Suas mãos percorreram a linha do meu queixo antes de me beijar intensamente, desesperadamente, como se essa fosse a ultima vez que ele podesse fazer isso. Eu fiquei completamente ser ar em meus pulmões, mas não quis interrompe-lo. Eu podia morrer por asfixia, não tinha problema, desde que meus labios ainda estivessem brincando com os seus.

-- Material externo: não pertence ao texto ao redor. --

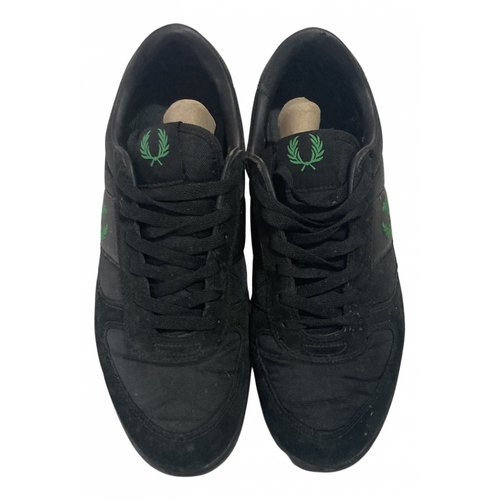 Pre-owned Fred Perry Cloth Low Trainers In Black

- Esse não será nosso ultimo beijo. - Assegurei firmemente depositando toda a confiança que havia em mim nessas palavras.
- Não, não será. - Ele concordou com a mesma segurança. Seus olhos não desviaram a atenção de mim, um segundo sequer.
- Eles chegaram. - A voz de Alice ecoou pela campina duramente, trazendo todos de volta a terra, de volta a realidade. Me levantei em um pulo, como se Aro já estivesse na minha frente. Karl parecia estar mais apreensivo ainda, se isso é possivel.
- Quando começar, por favor, não fique preocupado comigo. Eu vou ficar bem. Cuide de você. - Disparei as palavras rapidamente. Ele estava preocupado demais comigo para seu proprio bem, isso o tornaria alvo facil.
- Eu vou cuidar dela. - Benjamim disse para ele, já vindo para o meu lado, Bella estava do outro lado.
- Eu vou tentar. - Ele sussurrou somente para mim, antes de partir para o lado de Alec. Nez veio para o meu lado.
- É agora que começa a melhor parte. - Falei para ela, tentando soar indiferente.
- Espero que o final seja o previsto. - Ela me respondeu, apreensiva.
E foi ai que eu os vi, deslizando como uma nevoa agourenta sobre a relva da campina. Primeiro os guardas mais trivias, depois, seus grandes tesouros, seus talentosos guardas, mais protegidos, os anciões. Não demorou muito para eles pararem de fronte a nossa linha torta de ataque. Os membros foram se abrindo como um leque revelando Aro, Caius e Marcus.Aro estampou um sorriso, o seu sorriso falso, antes de começar seu discurso.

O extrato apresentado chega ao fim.